When speaking, both men and women do other things with their bodies beside utter words: they gesticulate with their hands, raise their eyebrows, open their eye sockets beyond normal size, take sharp intakes of breath, hunch their shoulders, nod their heads up and down or side to side, etc. Among speakers of contemporary American English, the paralinguistic gap between males and females has been widening for some time: women’s speech today is accompanied by much more paralinguistic behavior than is that of men. All one need do to be convinced of this is to spend some time observing women talking––particularly to each other and without the participation of male interlocutors––preferably without their being aware of being observed.

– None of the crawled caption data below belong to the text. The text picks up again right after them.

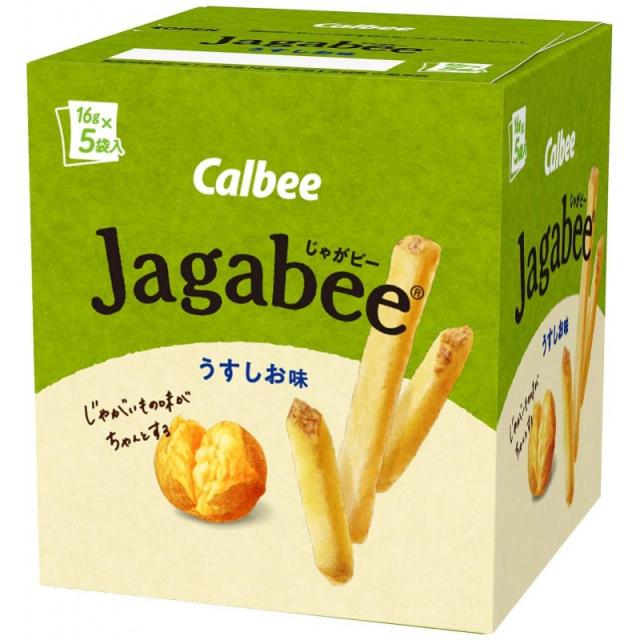 일본배송 갈비 Jagabee요 할 맛80g×12개 Jagabee(그렇지만 비)스낵 과자통판, 1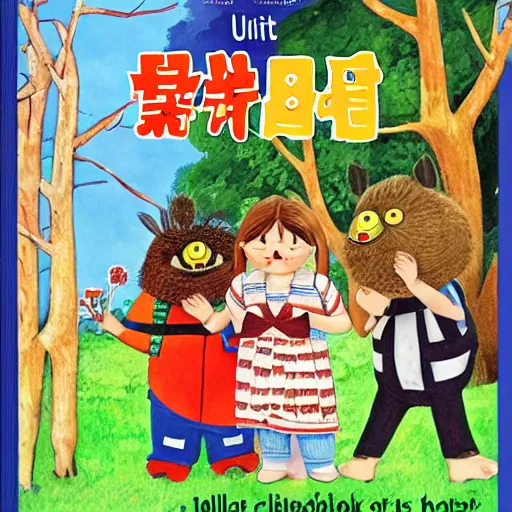 Image similar to unit 731 children\'s book by Julia Donaldson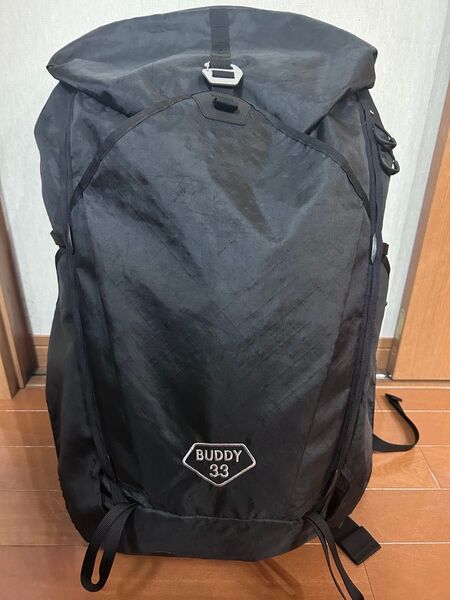 PAAGO WORKS BUDDY 33 SP バックパック 黒 限定モデル バディ リュック
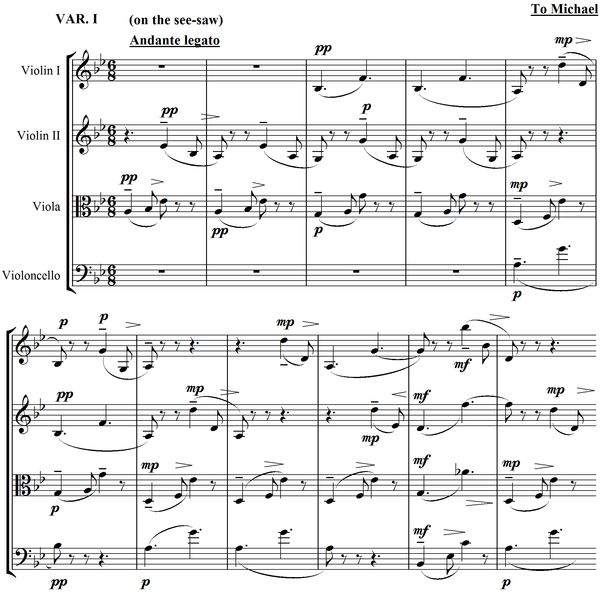 Notation incipit page 1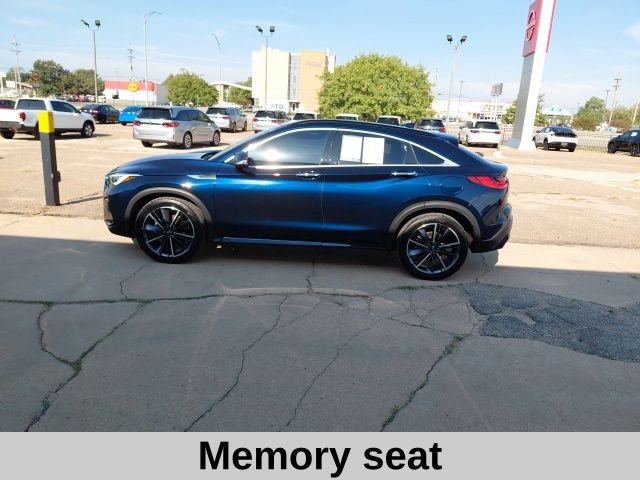 Used 2024 Blue INFINITI SENSORY image 8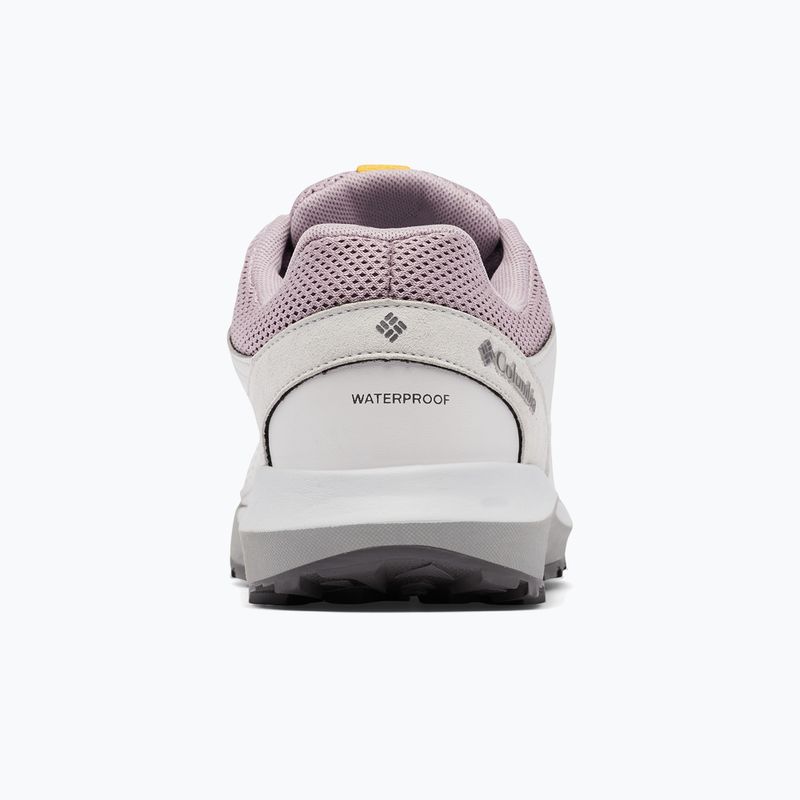 Взуття трекінгове жіноче Columbia Trailstorm Wp grey ice/shale mauve 16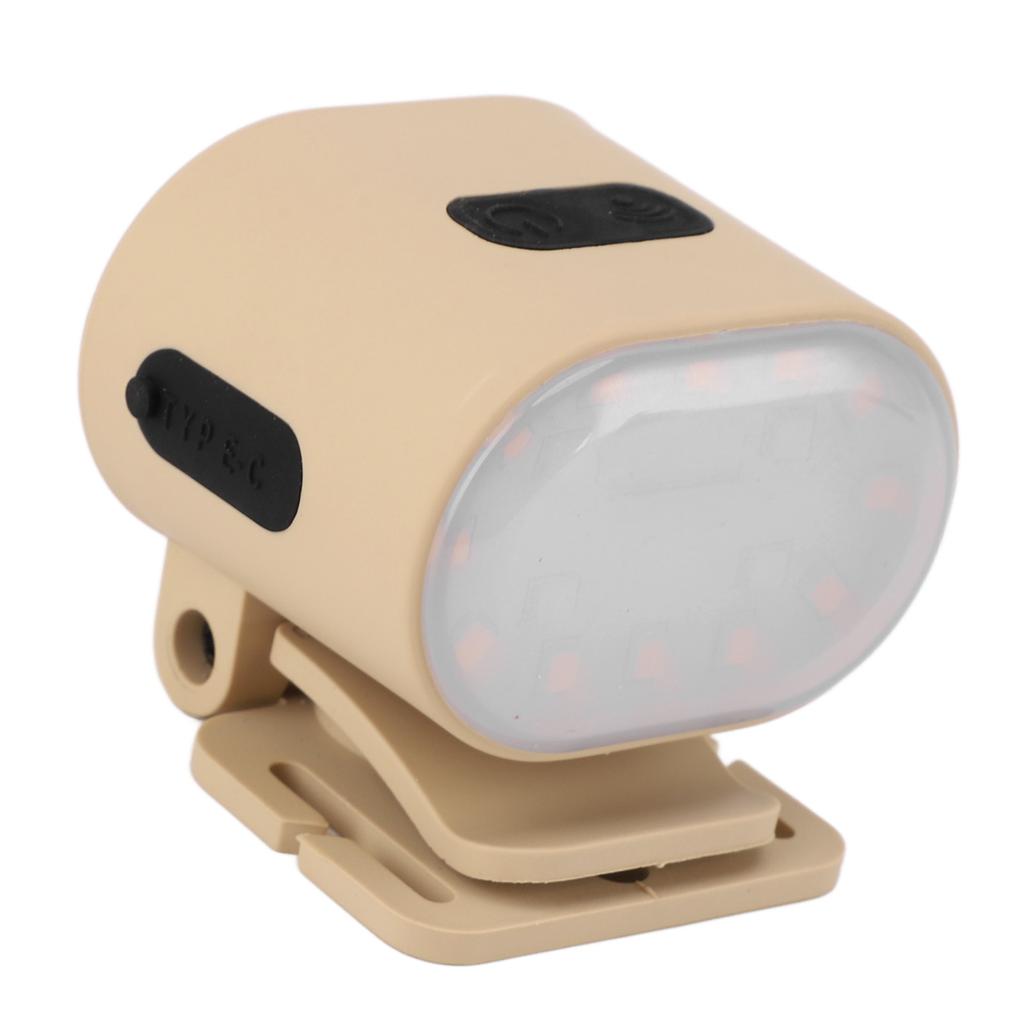 Hat Light Magnetic LED Induction Headlamp IPX4 Waterproof Rechargeable Clip On Cap Light for Outdoor Hiking Camping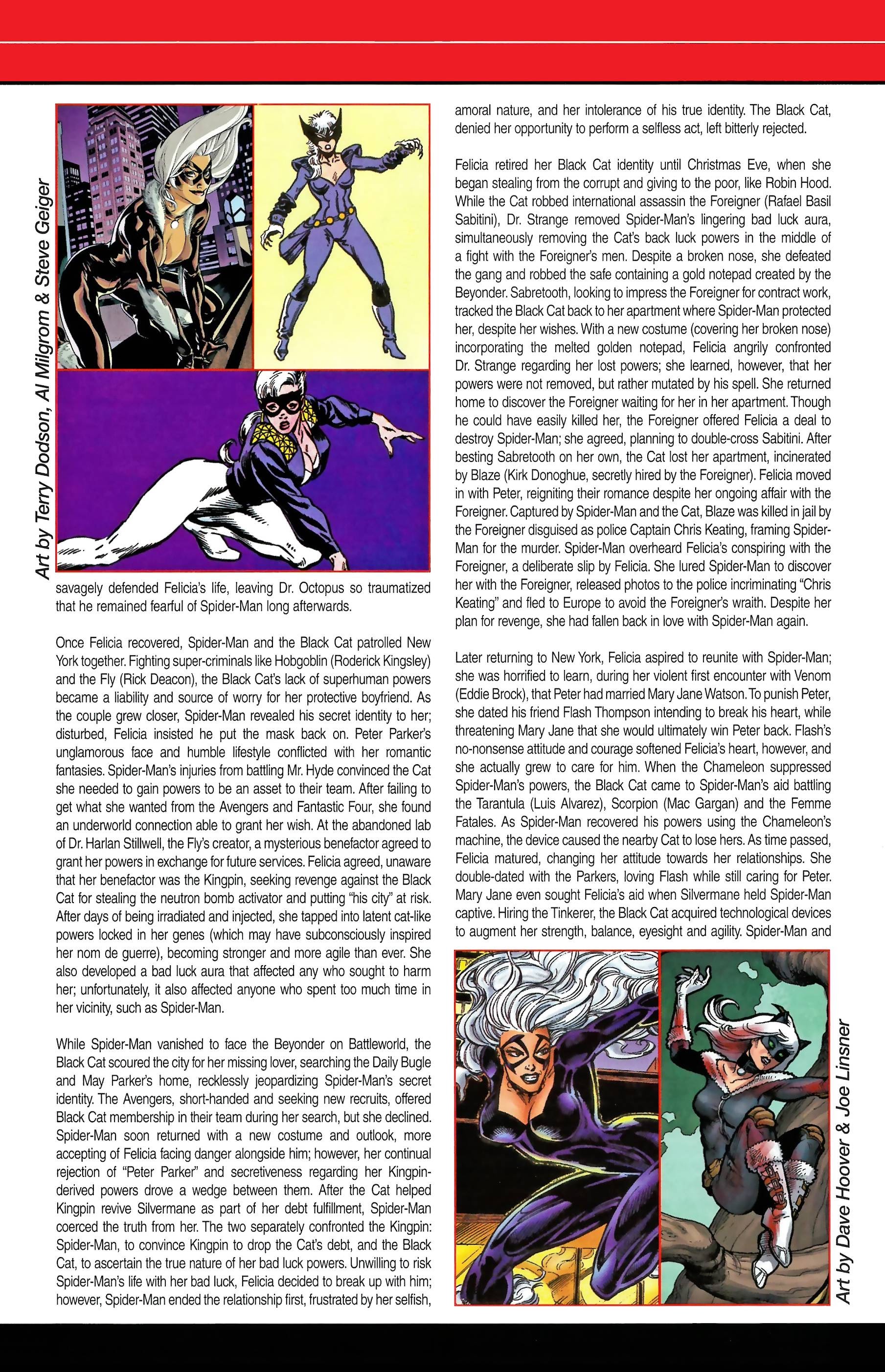 Read online Official Handbook of the Marvel Universe A to Z comic -  Issue # TPB 1 (Part 2) - 109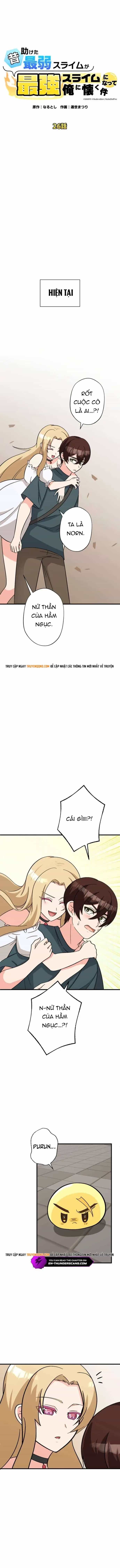 Con Slime Yếu Nhất Ta Từng Cứu Giờ Đã Trở Thành Huyền Thoại! - Chương 26 - ảnh 5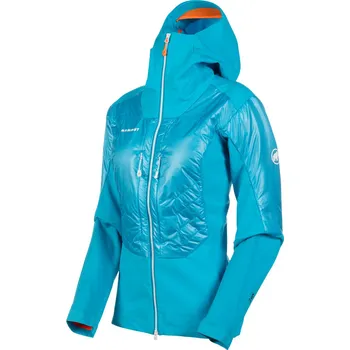 Mammut Mammut Eisfeld SO Hybrid Hooded Jacket Women Barva - Velikost: Modrá světlá - XS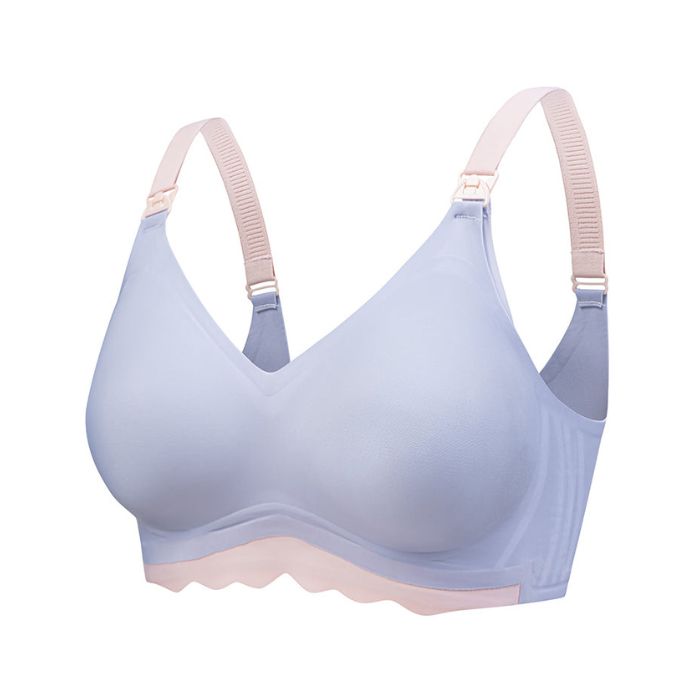Valianne's Trends Megan Nursing Bra - Purple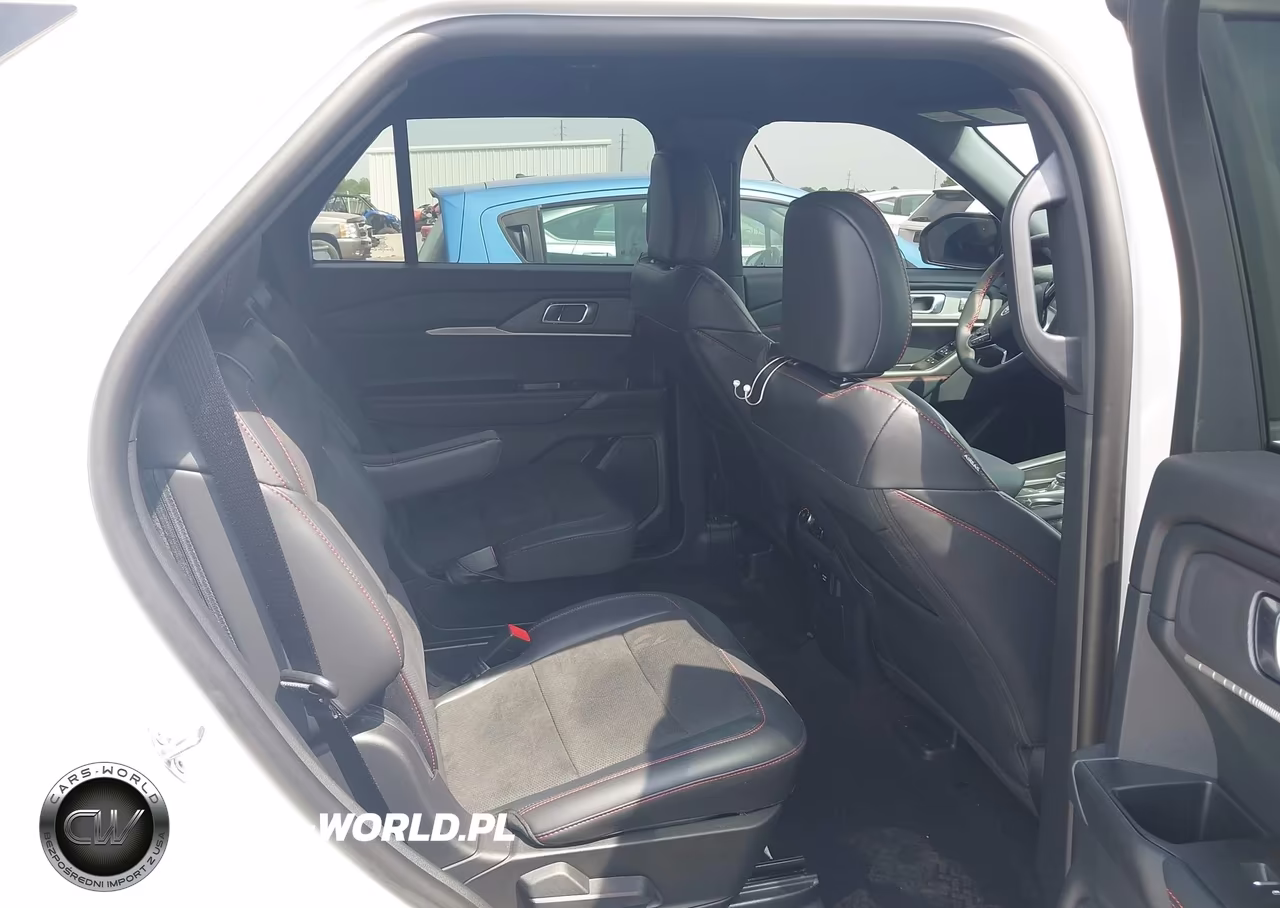 2026 Ford Explorer St VIN:1FMWK8GCXTGA21335 - 8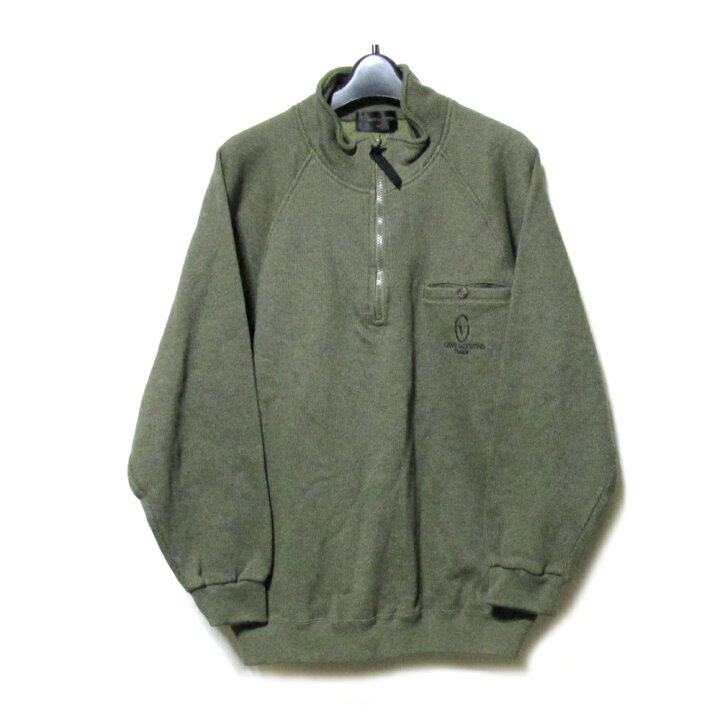 楽天市場】GIANNI VALENTINO ジャンニバレンチノ 「L」 ハーフジップ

What these various paralinguistic features mean is a difficult question to answer, although there have been numerous attempts to catalogue and analyze them in the sociolinguistic and semiotic literature (incl. whole monographs devoted to these phenomena). From the point of view of semiosis, the paralinguistic signs are iconic indexes, but it is not at all clear if there is a pattern informing the gestures that accompany speech. Some speakers clearly evince paralinguistic idiosyncrasies, i. e., movements that are peculiar either to them alone or to them as members of certain groups (like families). But overall, when it comes to American females of all ages, these movements are much more frequent, specialized, and overt in their behavior than they are in the paralinguistics of males. This is the sort of behavior that tends to confirm the cliché about women being generally more “expressive”––or even “emotional”––than men. Vive la différence!